Involuntariamente, tornou-se num dos protagonistas da final feminina do Open dos EUA, ao aplicar o código de conduta a Serena Williams por três vezes, a última das quais com um jogo de penalização, que abreviou a derrota perante a sempre composta Naomi Osaka. Os protestos de Serena foram tão intensos e a reacção do público tão ruidosa, que Ramos teve de sair do court antes da cerimónia de entrega de prémios, rodeado pelos seguranças — há uns anos, curiosamente também no Open dos EUA, depois de um encontro com um sul-americano, alguns adeptos do jogador não gostaram de algumas decisões e teve de sair sob escolta. Tudo começou quando Ramos viu o treinador de Serena dar indicações (“coaching”), o que é proibido pelos regulamentos.

“O Carlos fez tudo de acordo com as regras e procedimentos. O problema foi o ‘coaching’. É claro que nunca se aplica o código de conduta à primeira vez que o treinador faz um gesto ou fala, mas tenho a certeza que o Carlos não ‘caiu’ em cima da Williams à primeira vez”, afirmou Jorge Dias.

Isto porque, numa primeira fase, os árbitros são aconselhados a avisarem os jogadores que se os treinadores continuarem a dar instruções, serão penalizados — aquilo a que se chama “soft warning”. Mas nem sempre tem de ser assim.

Após uma segunda infracção, indiscutível, por partir a raqueta, Serena sofreu um jogo de penalização por chamar nomes ao árbitro — uma decisão considerada pelos “analistas” americanos como exagerada. “Carlos tem sido um dos melhores árbitros do mundo desde meados dos anos 90 e tem a reputação de ser rígido mas justo a lidar com os jogadores. A acusação de ‘ladrão’ é uma coisa que nenhum árbitro deve ignorar”, disse Mike Morrissey, antigo árbitro e ex-chefe da arbitragem na ITF.

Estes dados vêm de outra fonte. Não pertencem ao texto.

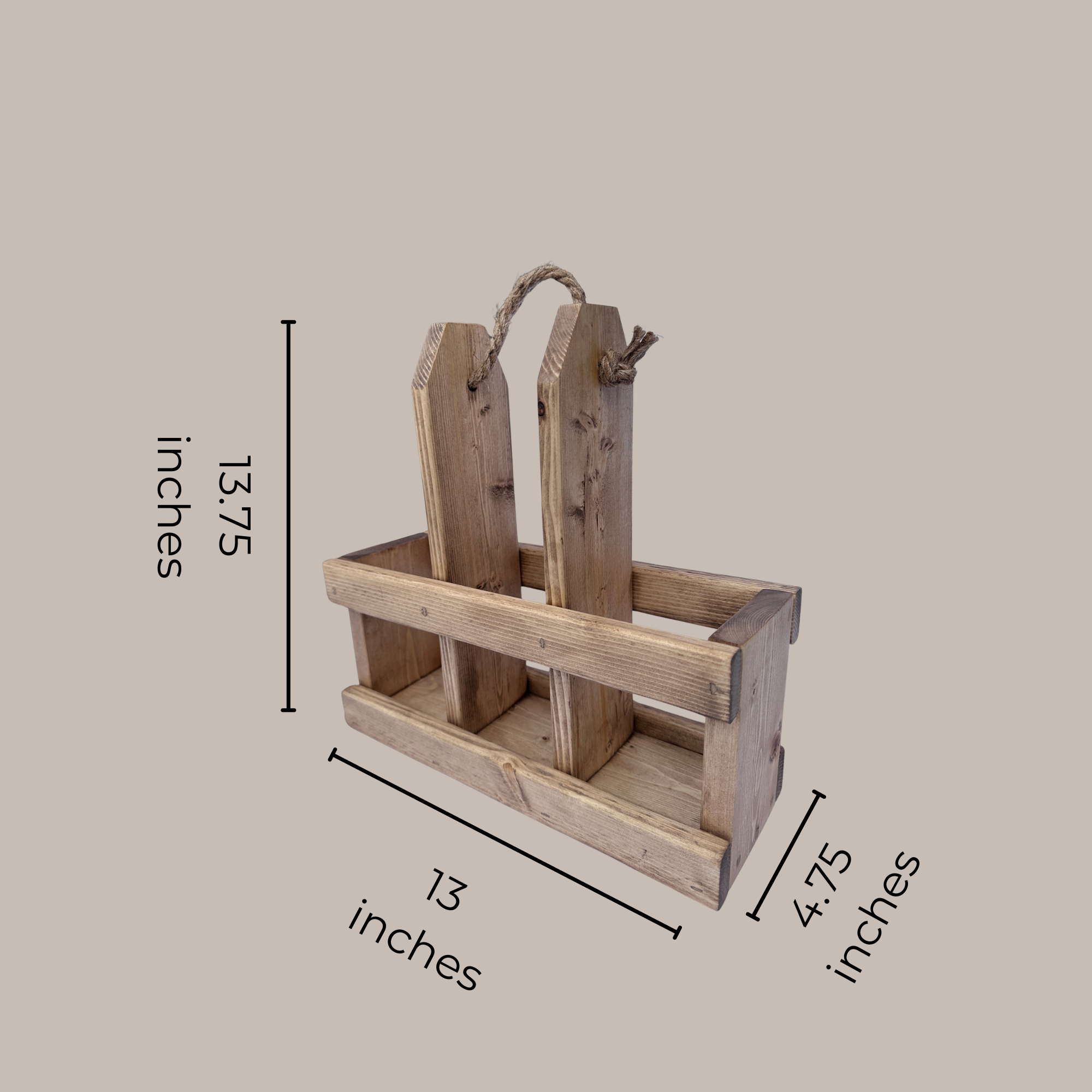 Wine Crate Dimensions Photo.png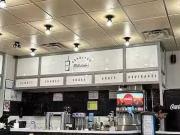 Rental! Wayback Burges 180 Legacy Main Street Se,...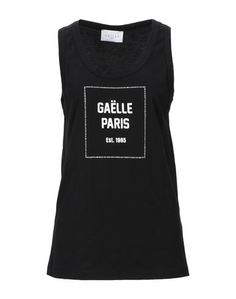 Майка Gaëlle Paris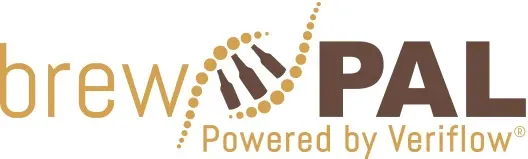 Brewpallogo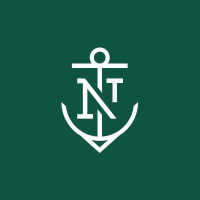 Northern (NTRSO)のロゴ。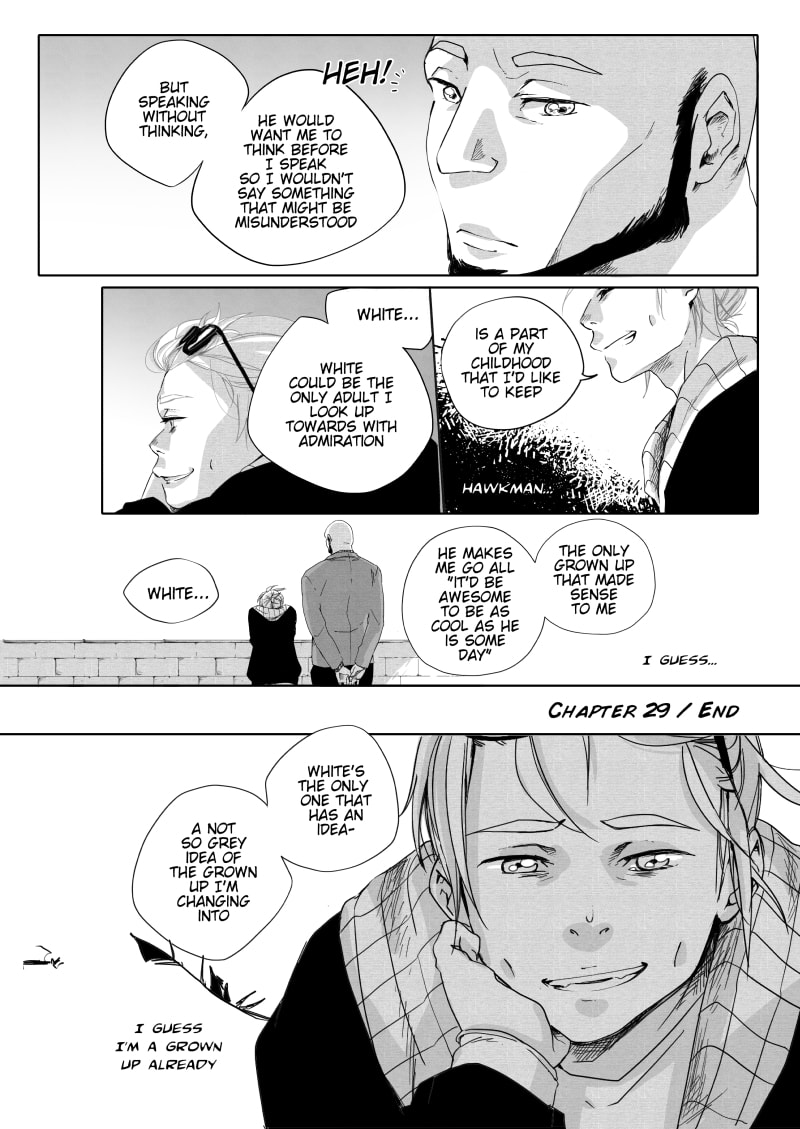 Dragonfly page 21
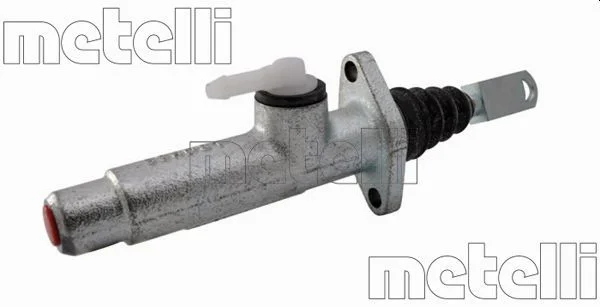 Master Cylinder, clutch METELLI 55-0015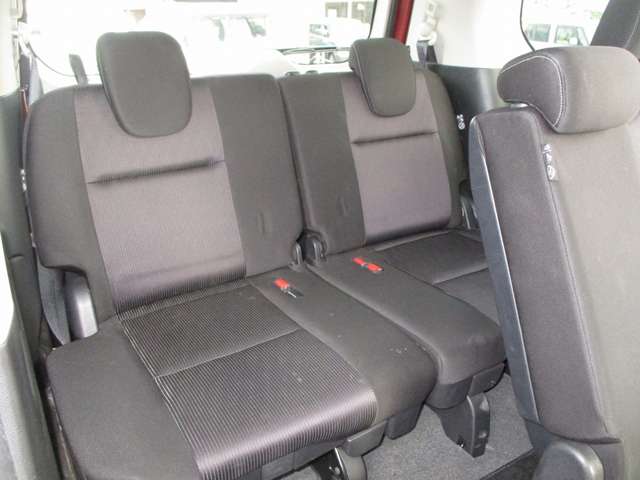 日産 セレナ ２．０ ハイウェイスター Ｖセレクション H30年 () 99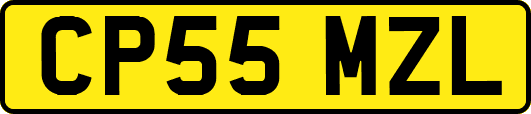 CP55MZL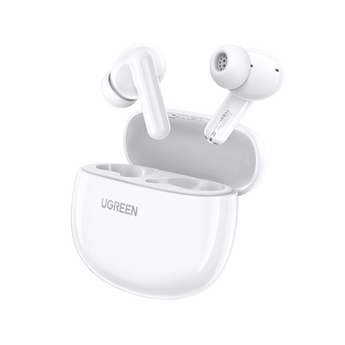 Videoconferencia Ugreen 45110/WS207
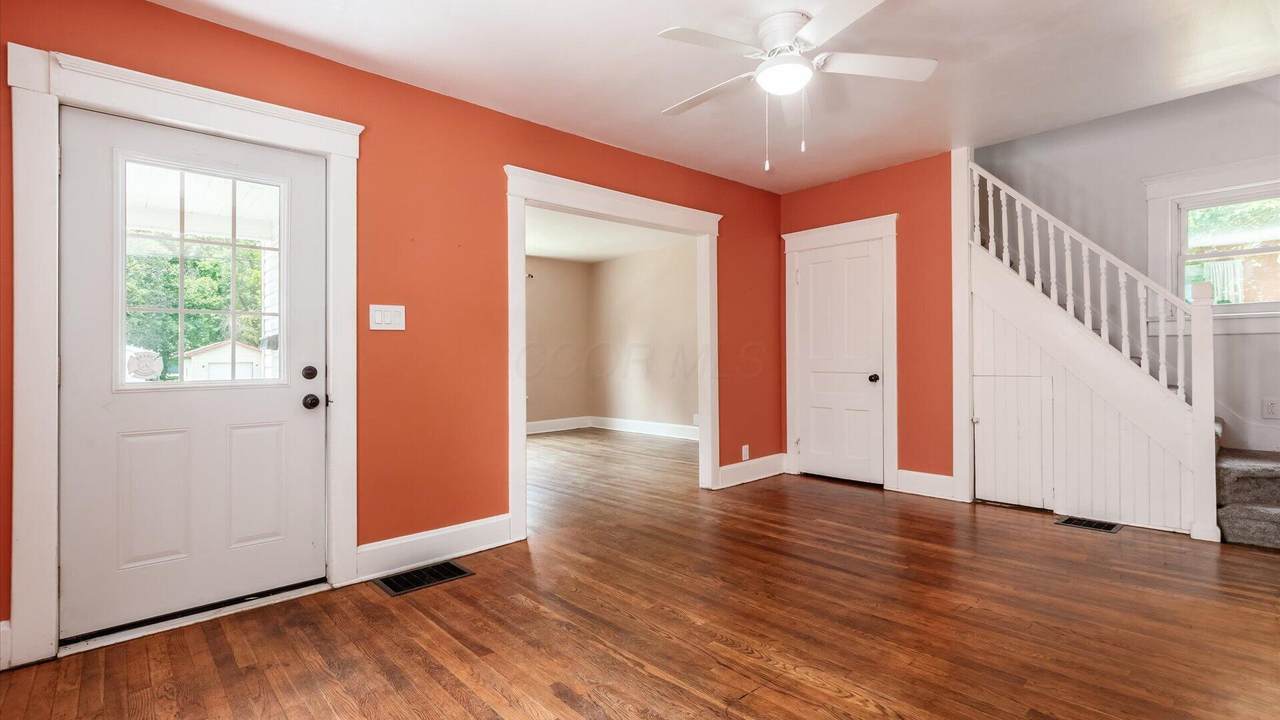 https://bt-photos.global.ssl.fastly.net/columbus/1280_boomver_1_226026710-2.jpg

Pai de dois filhos e a residir em Lyon (França), desde 1996, Ramos mantém a ligação a Portugal através da Internet, seguindo a actualidade e o ténis em particular, sem abdicar da literatura (aprecia José Saramago) e da música (gosta de fado). Faz preparação física, ginástica e jogging, mesmo nas cerca de 26 semanas que passa fora de casa. Neste fim-de-semana, está de volta à Europa para, em Zadar, dirigir a meia-final da Taça Davis entre a Croácia e os EUA.